En ramassant le chèque glissé dans l'addition, le serveur réclama une pièce d'identité, ce qui l'irrita.

Quand on la lui rapporta, Agnès dit ce qu'il espérait qu'elle ne dirait pas:

«Montre.»

Il la lui tendit, luttant contre l'idée qu'elle abusait un peu de son statut d'incurable. Elle examina avec attention la photo, puis secoua la tête, en signe d'indulgente désapprobation.

«Quoi?

– Trouve mieux la prochaine fois, mon amour», dit-elle en léchant son index, qu'elle fit glisser sur la photographie. Puis elle le tourna vers lui, montrant une petite tache noire, le lécha à nouveau, le tendit vers son visage, tâchant de l'introduire entre ses lèvres. Il écarta sa main d'un geste brusque, comme celui de la femme au landau tout à l'heure.

«A mon avis, dit-elle, Stabilo Boss. Bonne qualité d'ailleurs, ça part à peine. Tu sais que c'est défendu de maquiller sa carte d'identité? Mais attends.»

Sans lâcher la carte, elle fouilla dans son sac, en retira une petite boîte de métal d'où elle sortit une lame de rasoir.

«Arrête», dit-il.

A son tour, elle écarta sa main et se mit à gratter la moustache, sur le photomaton. Pétrifié, il la regardait faire, détacher de son visage renversé de menues particules noirâtres, grattant jusqu'à ce que l'espace compris entre sa bouche et son nez devienne, non pas gris comme le reste de la photo, mais d'un blanc granuleux, déchiqueté.

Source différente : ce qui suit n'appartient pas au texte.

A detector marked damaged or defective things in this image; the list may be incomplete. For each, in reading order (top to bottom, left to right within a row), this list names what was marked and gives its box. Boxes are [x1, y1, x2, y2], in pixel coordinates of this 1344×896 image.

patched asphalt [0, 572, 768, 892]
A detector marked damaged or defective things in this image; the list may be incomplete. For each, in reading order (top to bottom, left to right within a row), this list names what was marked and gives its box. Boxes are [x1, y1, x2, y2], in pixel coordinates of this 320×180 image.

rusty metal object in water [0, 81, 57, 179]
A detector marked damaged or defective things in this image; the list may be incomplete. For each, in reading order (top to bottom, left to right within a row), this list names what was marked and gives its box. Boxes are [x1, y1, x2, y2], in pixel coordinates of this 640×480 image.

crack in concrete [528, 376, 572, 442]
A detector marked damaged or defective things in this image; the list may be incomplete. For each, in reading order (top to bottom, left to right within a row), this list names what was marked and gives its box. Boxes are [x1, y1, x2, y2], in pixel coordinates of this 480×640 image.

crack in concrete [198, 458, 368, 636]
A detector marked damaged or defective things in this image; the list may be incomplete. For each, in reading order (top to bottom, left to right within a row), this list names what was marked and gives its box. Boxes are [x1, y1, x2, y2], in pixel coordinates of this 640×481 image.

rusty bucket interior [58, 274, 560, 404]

«Voilà, conclut-elle, tu es en règle.»

Il reprit la carte d'identité, consterné. Elle avait arraché du grain de l'image sa moustache, une aile de son nez, un lambeau de sa bouche et, bien sûr, cela ne prouvait rien quant au visage que reproduisait la photo avant d'être mutilée. Il faillit le lui dire, mais se rappela sa décision d'entrer dans son jeu, au moins jusqu'à lundi, de ne pas la contredire. Déjà beau, après tout, qu'elle ait vu une moustache, avoué qu'elle le soupçonnait de l'avoir tracée au feutre. En un sens, c'était même mieux, mieux que la marche arrière au sujet du psychiatre, qui calquait trop son attitude à lui: au moins elle acceptait de se trahir, rompait la symétrie capable de faire croire que c'était elle la saine d'esprit, la temporisatrice, la conciliante…

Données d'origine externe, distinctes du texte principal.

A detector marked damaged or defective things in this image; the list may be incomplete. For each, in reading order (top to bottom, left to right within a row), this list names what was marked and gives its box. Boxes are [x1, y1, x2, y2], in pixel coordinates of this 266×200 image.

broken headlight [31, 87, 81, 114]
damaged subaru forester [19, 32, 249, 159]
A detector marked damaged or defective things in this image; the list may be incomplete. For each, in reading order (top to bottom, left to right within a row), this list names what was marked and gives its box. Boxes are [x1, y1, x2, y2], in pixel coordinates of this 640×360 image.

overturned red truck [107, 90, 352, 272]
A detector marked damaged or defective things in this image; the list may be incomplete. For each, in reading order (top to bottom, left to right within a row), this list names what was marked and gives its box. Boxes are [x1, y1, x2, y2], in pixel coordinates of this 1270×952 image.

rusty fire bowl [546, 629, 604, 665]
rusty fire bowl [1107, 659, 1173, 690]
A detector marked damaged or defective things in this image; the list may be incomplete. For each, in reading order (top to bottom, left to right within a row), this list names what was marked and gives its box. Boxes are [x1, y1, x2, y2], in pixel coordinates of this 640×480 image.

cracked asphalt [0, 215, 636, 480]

Et, comme d'habitude, comme si elle lisait dans ses pensées, elle lui prit la main, dit: «Pardonnemoi. J'ai eu tort.»

– Partons.»

Ils restèrent silencieux, dans la voiture. A un moment, seulement, elle effleura sa nuque, répéta d'une voix à peine audible: «Pardon». Il détendit le cou, épousant la paume de sa main, mais aucun son ne put franchir ses lèvres. L'idée le tourmentait que peut-être elle avait mutilé ou détruit toutes ses photos, toutes les preuves tangibles autres que le témoignage des amis, toujours sujet à caution. Si ce n'était déjà fait, il fallait se hâter de les mettre en lieu sûr, ne serait-ce que pour le dossier du psychiatre. Il sentait qu'après une brève rémission elle tâchait de reprendre l'avantage, préparait une offensive pour le remettre en position d'accusé, position de celui qui doit fournir les preuves et, si elle jouait si franc, si elle se découvrait, cela signifiait qu'elle avait ménagé ses arrières, mis la main sur les preuves en question. Bien que ce fût sans doute déjà inutile, il aurait voulu entrer le premier dans l'appartement, ne pas l'y avoir laissée seule, il avait été fou de s'absenter. Un espoir lui restait: si, devant l'immeuble, avant qu'il aille garer la voiture au parking, elle exprimait le désir de monter la première, alors il pourrait dire non, tu restes, la retenir de force s'il le fallait. Mais elle ne dit rien, descendit au parking avec lui, signifiant que le mal était fait. Penser qu'elle est folle, se répétait-il, ne pas lui en vouloir, l'aimer ainsi, l'aider à s'en tirer…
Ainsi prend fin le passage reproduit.